Просто у берега, долбануло бы. А ему уже было всё равно. Ещё хорошо, не успел набить свой желудок. Было бы ещё хуже. Сейчас отойдёт и не будет больше никогда рыбачить в такую погоду. Писать этюды, конечно, сидя на берегу под зонтиком, один только Айвазовский мог – на берегу и такое бурное море, такое бурное,хотя был полный штиль, и солнышко грело в самый спокойный день…

Ну ладно ребята, чувствуется, вы свои, дружные и очень мне симпатичны. Я вам расскажу про дельфина. Хотите?

Мы, конечно, много слышали и читали про этих красавчиков, когда на пароме с Тамани шли на Керчь, а они, эти ребята, дельфины танцевали вокруг нашего парома.

Посидели ещё немного молча, думали, улыбались и все вспоминали, потом рассказывали – видели, в детстве, как выпускали из загонов, сараев, лошадей, коровок, козочек, телят, и, конечно стригунков. И, те сначала шли потихоньку, разминаясь, делали каждый по своему потягушки, как и дети, когда их мама будила утром, и смеялись,– рядом мама, а вот эти, малыши зверюшки бегали по свободной травке муравке, взбрыкивали и резвились, радовались свободе и солнышку.

Восторг, всегда телячий, как говорят старики про малых ребятишек…

– Но дельфины – особый мир. Это нужно видеть и чувствовать, побыть с ними, рядом, ну совсем рядом. Вот так случилось и у меня.

Плакала Маша

Старик сидел и шептал. Что он, о чём. Думал и говорил, говорил сам себе. А он перебирал в своей памяти строки, которые учил в тех классах, которые и классом нельзя было величать.

Послевоенные две комнатки начальной школы.

… Плакала Маша …как лес вырубали…

Да, кажется так, и дальше… ей, и теперь его жалко до слёз. Всё. Память сработала, но уже не хотел плакать и говорить о кудрявых берёзках.

… Пришёл дед на свидание к своему древу жизни и силы, а оно, дерево стоит и плачет. По его шершавому стволу…текут ручейки сока.

Слёзы ампутации.

Вокруг его ствола валялись огромные толстые ветви. А, ствол могучий стоял и вот она культя…одна, вторая третья…

Так наши воины отсекали захватчикам всех времён и эпох руки, ноги, головы. Не лезь в чужие ворота. Так и Георгий Победоносец отрубил отсёк три головы злого змея, дышавшего до поры огнём зла.

Рот не раззевай, на чужой каравай.

А Рерих, великий мудрец и художник, писал.

Не замай.

Не тронь.

А тут.

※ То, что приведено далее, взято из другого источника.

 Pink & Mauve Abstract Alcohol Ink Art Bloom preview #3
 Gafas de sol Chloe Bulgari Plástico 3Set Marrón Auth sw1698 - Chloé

Что это? За что?! Зачем!

По другую сторону узкой дороги видна была крыша домика, забор и калитка. Заскрипела, еле сколоченая из гнилых, почерневших от времени досок…

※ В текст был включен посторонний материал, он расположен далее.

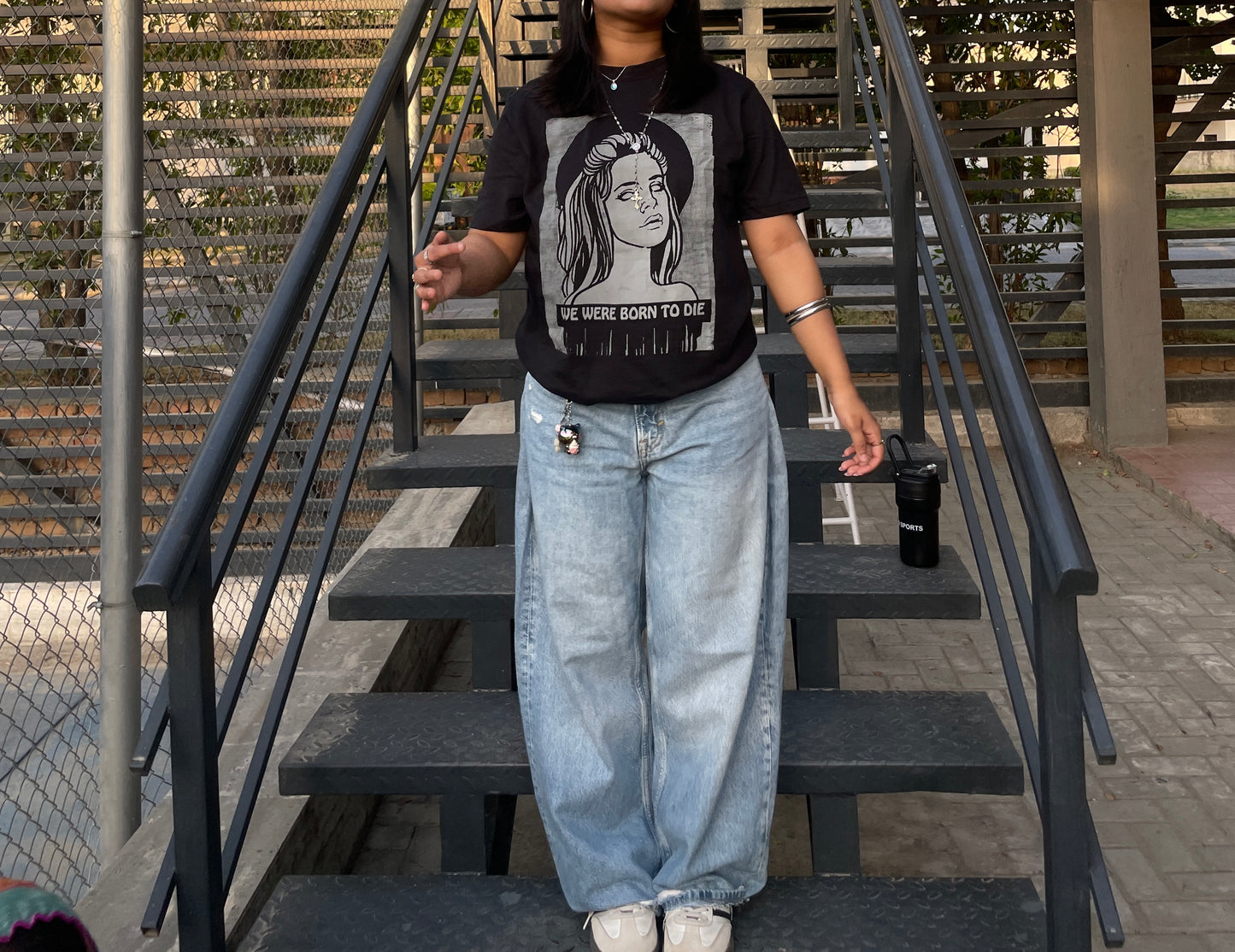 We Were Born to Die Graphic T-Shirt – 180 GSM 100% Pure Cotton | Premium Screen Printed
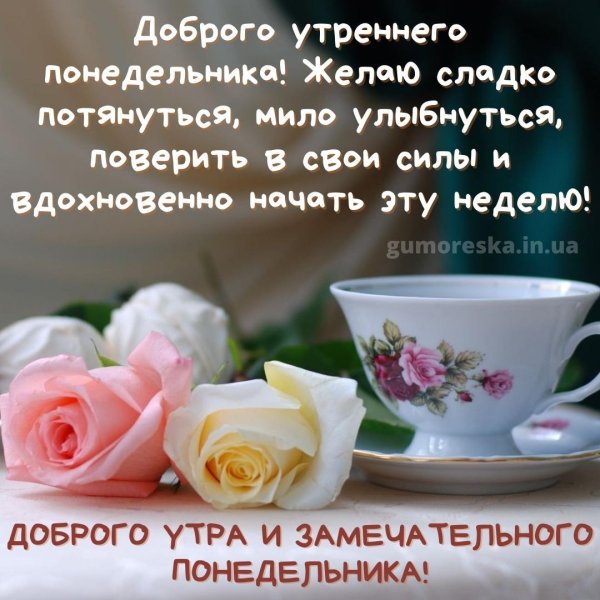поздравление с понедельником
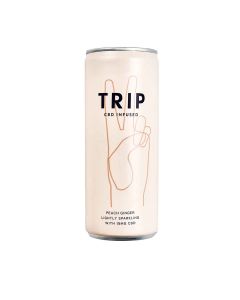TRIP - CBD Infused Peach Ginger Drink - 12 x 250ml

Оно вышло неуверенным шагом, подошло к стволу, и стало пинать ногами ветки, срезы. Потопталось, двинулось к своей калитке…

Слушай. Ты, хер – рург!! Кто это сделал?

Только и смог выдавить из своих уст дед.

Беседа прошла быстро и, и всё было понятно.

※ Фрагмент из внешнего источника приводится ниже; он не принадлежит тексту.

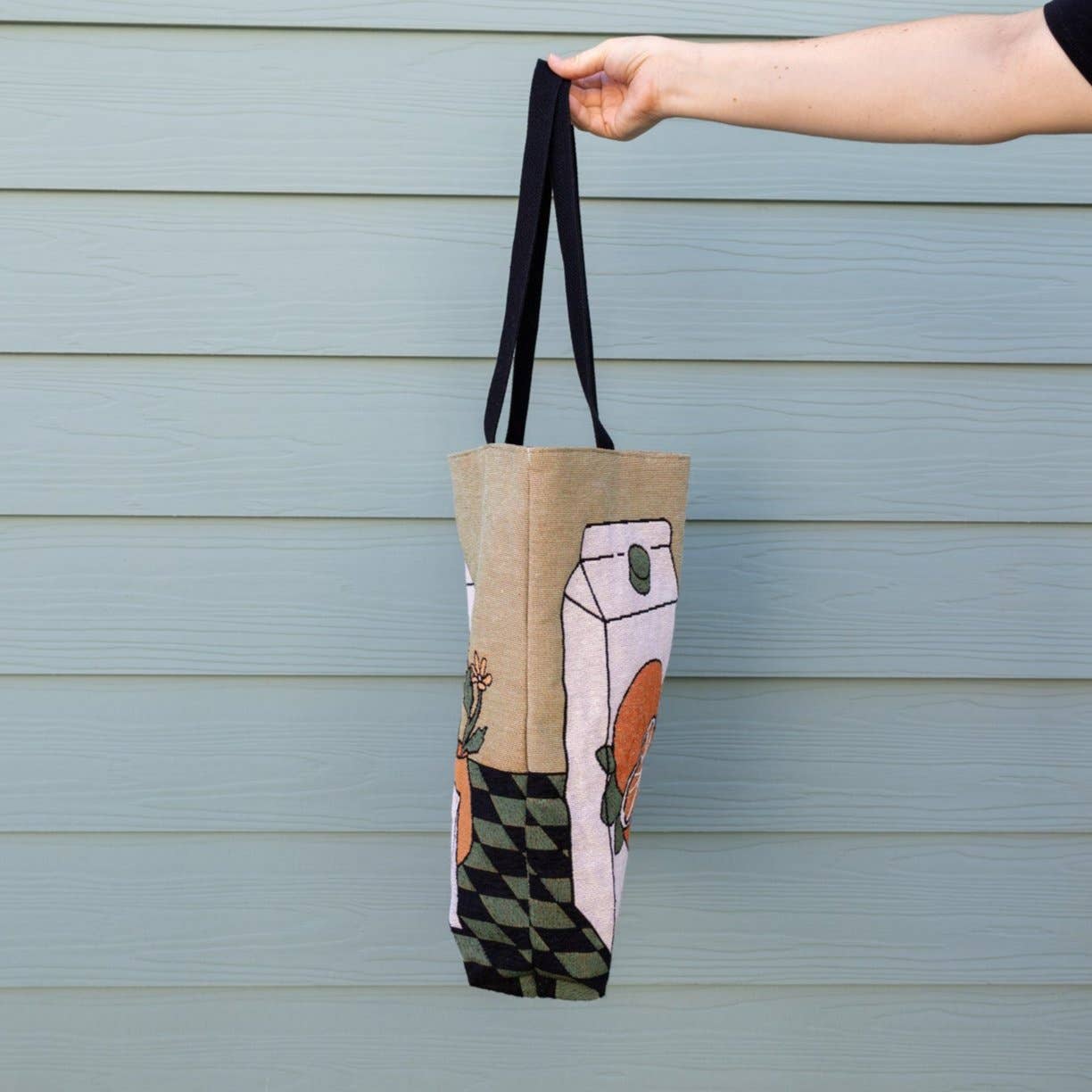 were glad you could visit totebag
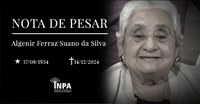 Nota de Pesar - Algenir Ferraz Suano da Silva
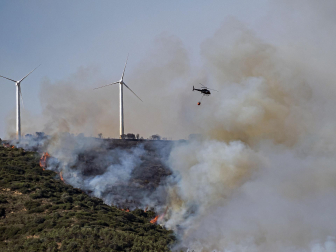 Fotos de los incendios en la zona de Ujué y San Martín de Unx.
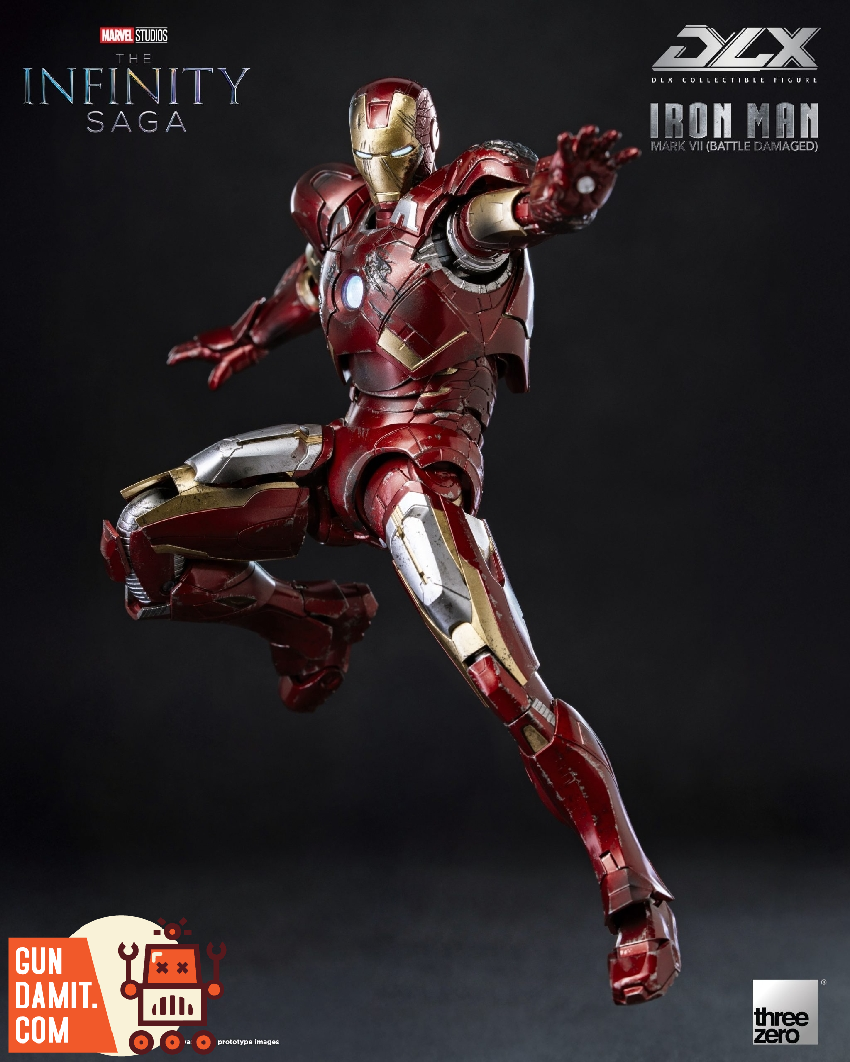 Pre-Order] Threezero 3Z0969 Iron Man Mark 7 DLX | GunDamit.com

Жива сказка, жива и баба яга и её приёмыш по духу.

Оно ходило и топтало зелёные листья, топтало и било своими копытами, срезы, мокрые от слёз уходящей жизни ещё живого дерева…

Дед пытался рассмотреть то место, где анатомически Боженька устраивает лицо.

Там, на том месте, была только злоба, ненависть, и страх. Бабуля – Ягуля рядом с ним сияла бы красотой, которая постыдилась бы, если он пришёл к ней свататься со свидетелями – кумовьями, один из них был краса гор – Змей Гаврилыч…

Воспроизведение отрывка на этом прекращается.